Wednesday, May 16, 2018

In Bourne Legacy A 1.5% Gain Of Mitochondrial Function Yielded Super Soldiers


thescientist |  Since the 1970s, when researchers turned up similarities between DNA in eukaryotes’ mitochondria and bacterial genomes, scientists have suspected that the organelles descended from symbionts that took up residence within larger cells. A diverse class of bacteria called Alphaproteobacteria soon emerged as a likely candidate for the evolutionary origins of mitochondria. 

But a new analysis, published today (April 25) in Nature, suggests that mitochondria are at best distant cousins to known alphaproteobacteria lineages, and not descendents as previously thought.
“We are still left hungry for the ancestor of mitochondria,” says Puri Lopez-Garcia, a biologist at the University of Paris-South who was not involved in the study.

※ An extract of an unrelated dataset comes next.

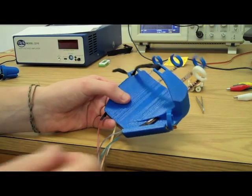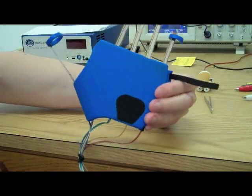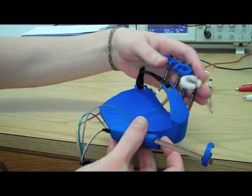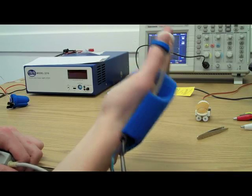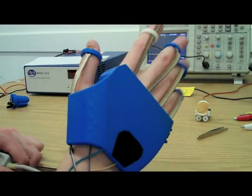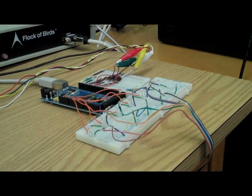The glove prototype was designed in Autodesk Inventor and uses ABS thermoplastic to encase the hardware. We chose to use five flex sensors provided by SparkFun that attach along each finger. Each acts as a variable resistor to track finger flexion, with values recorded by the Arduino microcontroller, which converts each bend reading to a byte as it is sent across the serial port.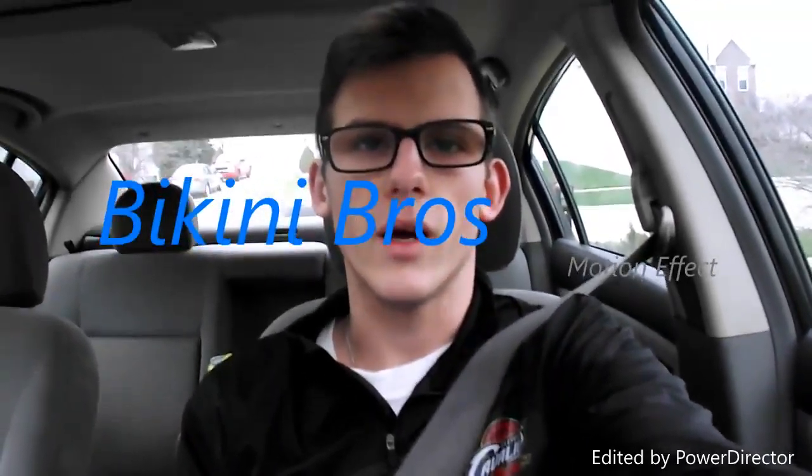What's up everybody? It's Eric from Bikini Bros. Me and Ali are about to go work out. I don't know if we're doing any PT tests today, but I know I'm going to be running a little bit.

While it’s generally agreed that Alphaproteobacteria includes the closest bacterial relatives of mitochondria, that relationship doesn’t reveal much about how mitochondrial ancestors made a living or how they made the jump to acting as organelles. That’s because “Alphaproteobacteria is a particularly diverse group of organisms in terms of kinds of metabolism,” Lopez-Garcia explains. 

“You find more or less everything in there.” Some studies have found genetic similarities between mitochondria and an order of alphaproteobacterial symbionts known as Rickettsiales, but other, free-living candidates have also emerged.

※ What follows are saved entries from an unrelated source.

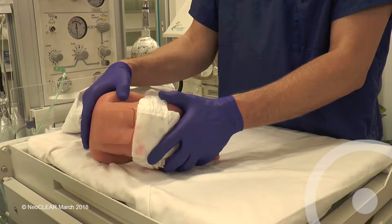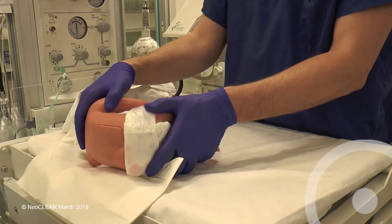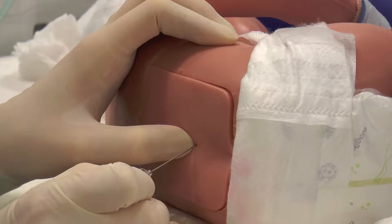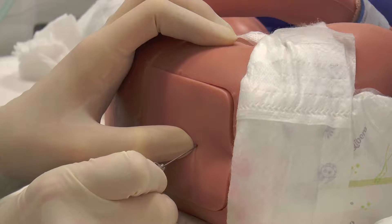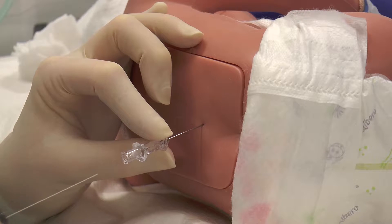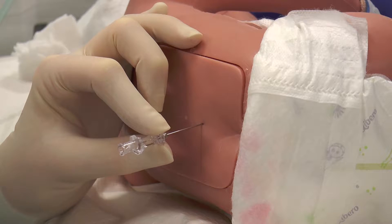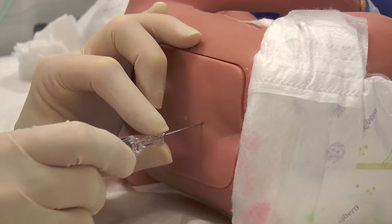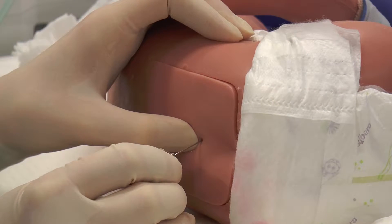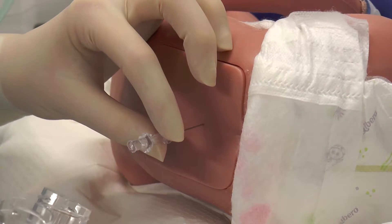Place the baby on a sterile drape and remove the outer gloves. With the infant held firmly in the lying position, insert the needle with the bevel facing to the infant's side, upwards. When the needle is through the skin and the subcutaneous tissue, hold the needle in place and remove the stylet. For late stylet removal, slowly advance the needle with the stylet in place until it is felt to be in the CSF space. You may not feel a clear change in resistance. Remove the stylet and collect CSF.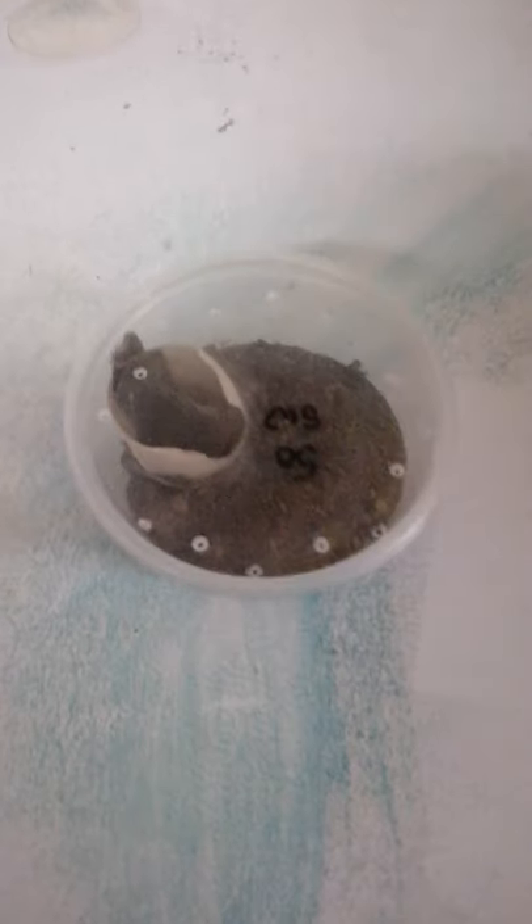This is a bit of a different video. What's going on is I have this container here — pardon the poor video quality, I'm using my phone camera — but you can see in there I have what I believe to be a giant house spider. Assuming I have the right species, he's inside this container and he is wild-caught.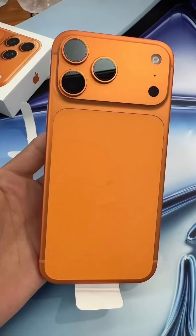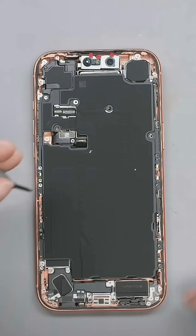Ever wondered what's inside Apple's latest powerhouse? Let's crack open the iPhone 17 Pro and explore its inner structure.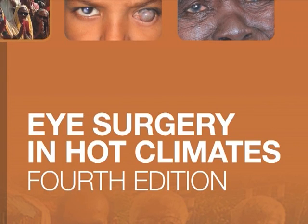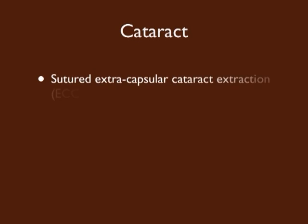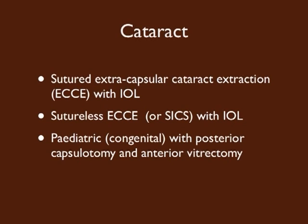Chapter 6 is the largest chapter in the book, and we recommend that you read this thoroughly. The aim of this DVD is to show in video the main parts of the procedure of: firstly, sutured extracapsular cataract extraction with intraocular lens implant; then sutureless extracapsular cataract extraction also with an intraocular lens; and finally, paediatric cataract surgery with an intended posterior capsulotomy and anterior vitrectomy.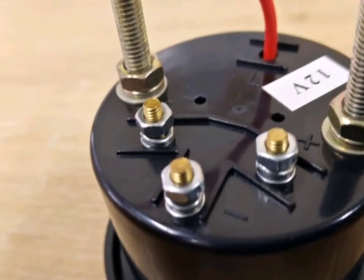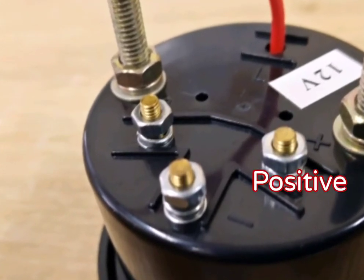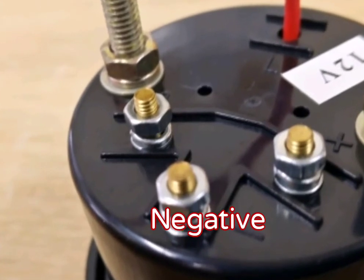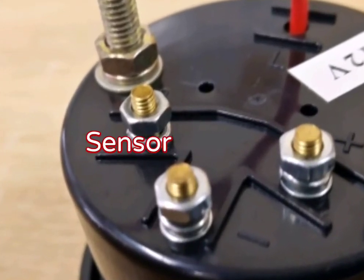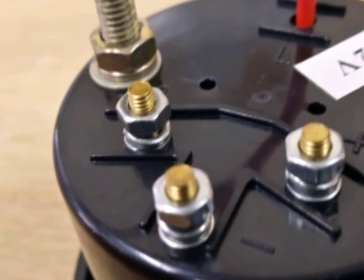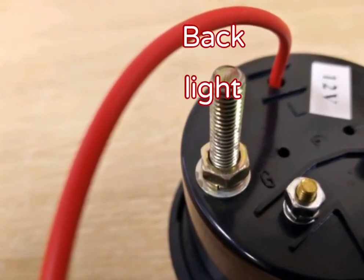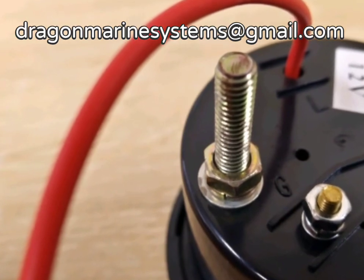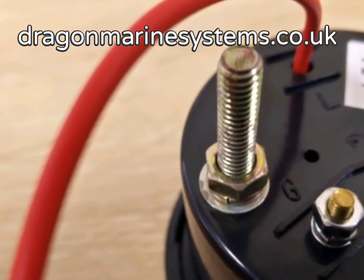The wiring for this gauge is quite easy. It only requires three wires: a positive, a negative, and a sensor wire. To wire the backlight you use the red wire that's coming from the gauge. There's no requirement for a negative for the backlight.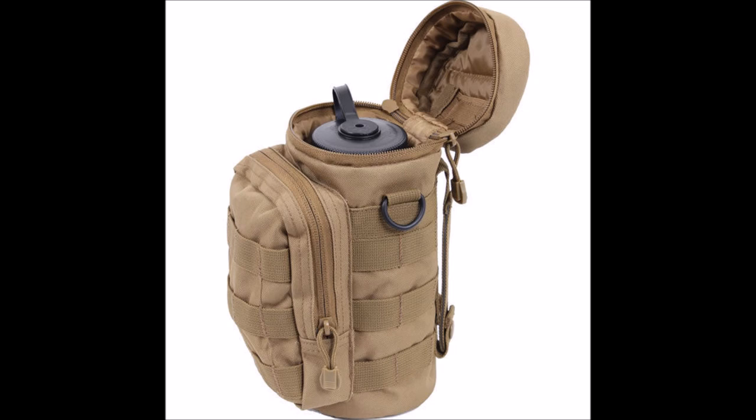If you had a silcock key, you could turn a spigot on at a public building that's closed or whatever, fill up your stainless steel bottle, and throw a tablet in just in case — because you never know, things go bad. For long-term, there's a company called Sawyer — S-A-W-Y-E-R. They have a water filtration system for about 20 bucks.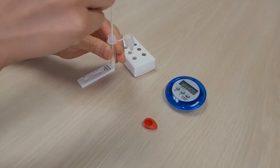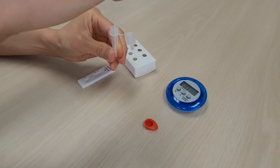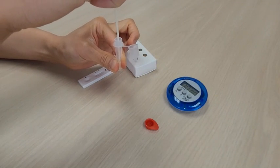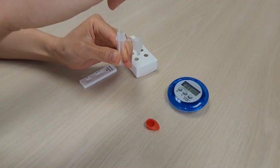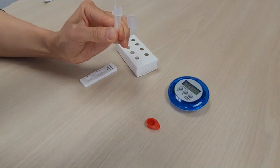Place the swab into the extraction buffer tube. Rotate the swab for approximately 10 seconds while pressing the swab head against the inside of the extraction buffer tube. Remove the swab while squeezing the extraction buffer tube to expel as much liquid as possible from the swab.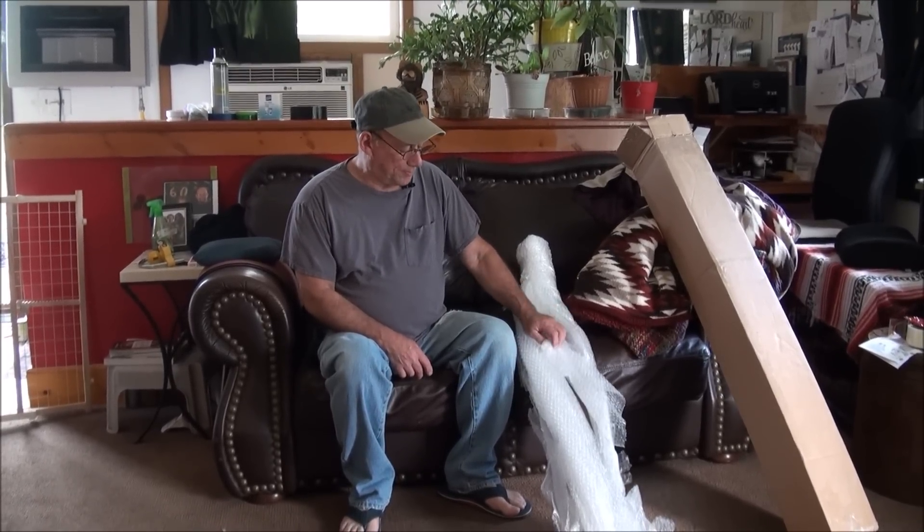Hey, this is Mike. We have another gun that came in this week. I know we did the Viroc 55M a couple days ago, and in the mail we had this rifle on its way.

The question of where on the alphaproteobacteria family tree the mitochondrial ancestor fell has pestered study coauthor Thijs Ettema throughout his scientific career. “Now, with all the available data from all these new lineages in all sorts of environments, we thought we should just do one bold approach and see where this ends up,” says Ettema, an evolutionary biologist at Uppsala University in Sweden.

Much of the genomic data he and colleagues used in their analysis came from the Tara Oceans dataset, which includes metagenomic sequences from microbes in ocean waters sampled from various depths. “For reasons that are not extremely clear . . . it seems that oceanic waters are extremely enriched for Alphaproteobacteria, and not just one species—it seems to be a whole array,” Ettema explains. The datasets were “good and deep enough to make an effort to reconstruct near-complete genomes.”